Women with mutations in the BRCA1 or BRCA2 genes can significantly reduce their risk of certain types of cancer by having their ovaries removed, according to a study in the July 12 issue of Journal of the American Medical Association.
Women with a harmful mutation in the BRCA1 or BRCA2 gene have a high lifetime risk of ovarian cancer (range, 15 percent-54 percent), and mutations in either of these genes increase susceptibility to cancers of the ovary, fallopian tube, and peritoneum (abdominal lining), according to background information in the article. Women with this mutation are often advised to undergo preventive oophorectomy (surgical removal of the ovaries). The effectiveness of this intervention has not been prospectively evaluated in a large group of patients.
Steven A. Narod, M.D., of the Toronto-Sunnybrook Regional Cancer Center, Toronto, Ontario, and colleagues conducted a study to determine the absolute risks for developing ovarian, fallopian tube, and peritoneal cancers in a group of BRCA1 and BRCA2 mutation carriers and estimated the risk reduction associated with salpingo-oophorectomy (surgical removal of the ovaries and fallopian tubes).

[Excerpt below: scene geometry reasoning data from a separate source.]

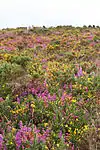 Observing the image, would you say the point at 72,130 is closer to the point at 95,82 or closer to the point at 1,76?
the point at 95,82

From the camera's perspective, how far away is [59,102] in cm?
609

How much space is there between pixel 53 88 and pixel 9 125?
2.01 m

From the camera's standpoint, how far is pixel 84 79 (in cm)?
770

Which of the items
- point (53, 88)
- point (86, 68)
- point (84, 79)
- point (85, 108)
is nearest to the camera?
point (85, 108)

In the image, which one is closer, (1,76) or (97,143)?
(97,143)

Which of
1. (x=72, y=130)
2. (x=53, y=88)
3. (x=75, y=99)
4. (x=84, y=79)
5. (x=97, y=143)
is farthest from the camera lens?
(x=84, y=79)

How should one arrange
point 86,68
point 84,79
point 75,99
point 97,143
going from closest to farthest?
point 97,143 < point 75,99 < point 84,79 < point 86,68

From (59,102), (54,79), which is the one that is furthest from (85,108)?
(54,79)

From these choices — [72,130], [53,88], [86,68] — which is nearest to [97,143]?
[72,130]

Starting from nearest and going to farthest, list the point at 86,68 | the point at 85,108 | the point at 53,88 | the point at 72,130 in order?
the point at 72,130 < the point at 85,108 < the point at 53,88 < the point at 86,68

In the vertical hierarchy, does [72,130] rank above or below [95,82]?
below

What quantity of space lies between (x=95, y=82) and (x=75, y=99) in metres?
1.03

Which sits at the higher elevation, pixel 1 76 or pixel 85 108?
pixel 1 76

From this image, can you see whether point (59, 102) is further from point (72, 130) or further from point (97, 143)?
point (97, 143) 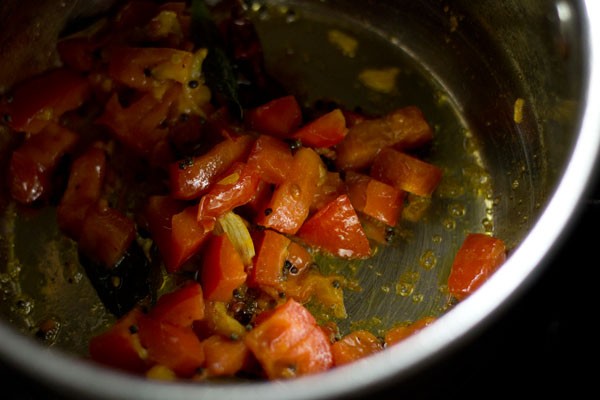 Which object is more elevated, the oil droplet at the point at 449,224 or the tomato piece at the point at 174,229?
the tomato piece at the point at 174,229

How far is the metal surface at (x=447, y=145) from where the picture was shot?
44.6 inches

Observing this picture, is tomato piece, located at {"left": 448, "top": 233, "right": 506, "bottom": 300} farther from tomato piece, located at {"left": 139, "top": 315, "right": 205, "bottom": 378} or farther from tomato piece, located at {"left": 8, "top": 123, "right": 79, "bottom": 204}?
tomato piece, located at {"left": 8, "top": 123, "right": 79, "bottom": 204}

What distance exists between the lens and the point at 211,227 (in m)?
1.63

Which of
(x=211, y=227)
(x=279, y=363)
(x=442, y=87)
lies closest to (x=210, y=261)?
(x=211, y=227)

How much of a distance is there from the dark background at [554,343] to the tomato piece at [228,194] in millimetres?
517

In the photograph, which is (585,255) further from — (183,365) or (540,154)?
(183,365)

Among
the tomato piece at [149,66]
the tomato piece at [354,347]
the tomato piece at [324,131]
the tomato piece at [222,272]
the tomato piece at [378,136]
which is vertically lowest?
the tomato piece at [354,347]

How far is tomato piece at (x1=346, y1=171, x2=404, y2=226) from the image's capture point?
1.70 m

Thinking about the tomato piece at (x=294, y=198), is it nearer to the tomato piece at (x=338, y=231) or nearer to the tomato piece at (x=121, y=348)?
the tomato piece at (x=338, y=231)

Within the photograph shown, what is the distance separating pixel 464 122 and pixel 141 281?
905mm

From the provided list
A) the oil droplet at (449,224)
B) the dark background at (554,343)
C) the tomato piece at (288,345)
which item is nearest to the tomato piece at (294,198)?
the tomato piece at (288,345)

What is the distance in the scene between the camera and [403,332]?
5.14 feet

Women known to carry a BRCA1 or BRCA2 mutation were identified from an international registry between 1992 and 2003. A total of 1,828 carriers at 1 of 32 centers in Canada, the United States, Europe, and Israel completed questionnaires at baseline and follow-up. Participants were observed from the date of study entry until: diagnosis of ovarian, fallopian tube, or peritoneal cancer; death; or the date of the most recent follow-up.
After an average follow-up of 3.5 years, 50 new ovarian, fallopian tube, and peritoneal cancer cases were reported in the group. Of the 1,828 women, 555 (30 percent) underwent preventive removal of the ovaries and tubes prior to study entry, 490 (27 percent) underwent the procedure after entering the study, and 783 (43 percent) did not undergo the procedure. There were 32 new cancers diagnosed in women with intact ovaries.
The estimated cumulative incidence of peritoneal cancer is 4.3 percent at 20 years after oophorectomy. The overall (adjusted) reduction in cancer risk associated with bilateral oophorectomy is 80 percent. The researchers estimated the risk of ovarian cancer to be 62 percent for BRCA1 carriers and 18 percent for BRCA2 carriers in women up to age 75 with both ovaries intact.
"Women who carry a mutation in the BRCA1 gene are asked to consider prophylactic bilateral salpingo-oophorectomy at age 35 or thereabouts, in order to reduce the risk of ovarian, fallopian tube, and breast cancer. Our observations support this recommendation. It may be reasonable to wait until a time closer to menopause to prevent ovarian and fallopian tube cancer in BRCA2 carriers but this delay will diminish the level of protection offered against breast cancer in this subgroup," the authors write.
"We estimate the magnitude of the risk reduction [from preventive removal of the ovaries and tubes] to be approximately 80 percent and the residual risk of 4 percent of peritoneal cancer is not sufficiently high to recommend against the procedure.
It is important that both the fallopian tubes and ovaries be removed because either site may be the origin of cancer and both organs should be examined in fine detail to rule out the presence of microscopic disease," the researchers conclude.